What are the lines, word for word, from the line with "Pink square advertisement" up to and including the line with "BEL AVENIR 2" in the records below? Omit the pictures.

Records supplied -

Start of Block

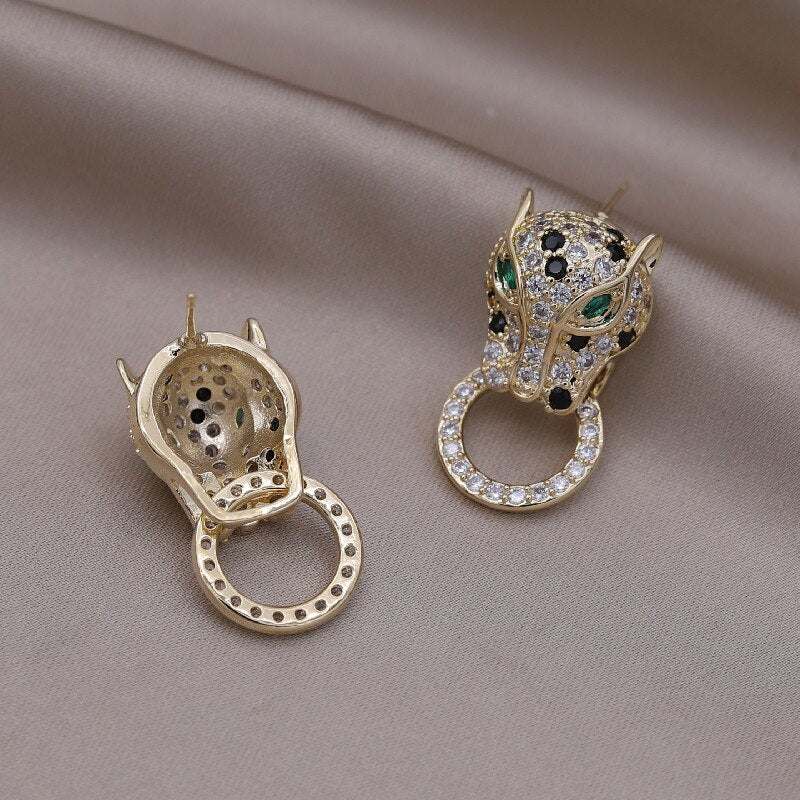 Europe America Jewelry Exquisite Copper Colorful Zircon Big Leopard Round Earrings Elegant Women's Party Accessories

End of Block
Start of Block

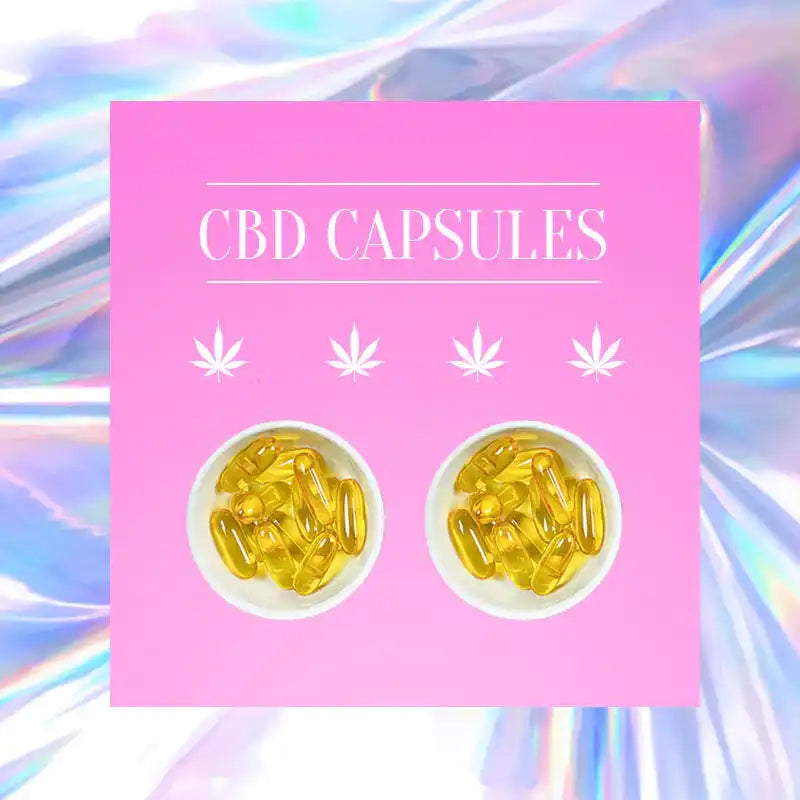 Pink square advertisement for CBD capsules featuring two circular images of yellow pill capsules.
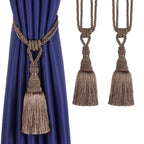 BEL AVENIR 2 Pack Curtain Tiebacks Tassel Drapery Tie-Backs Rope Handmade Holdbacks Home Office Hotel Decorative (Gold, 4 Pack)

End of Block

Response to the exercise -
 Pink square advertisement for CBD capsules featuring two circular images of yellow pill capsules.
 BEL AVENIR 2 Pack Curtain Tiebacks Tassel Drapery Tie-Backs Rope Handmade Holdbacks Home Office Hotel Decorative (Gold, 4 Pack)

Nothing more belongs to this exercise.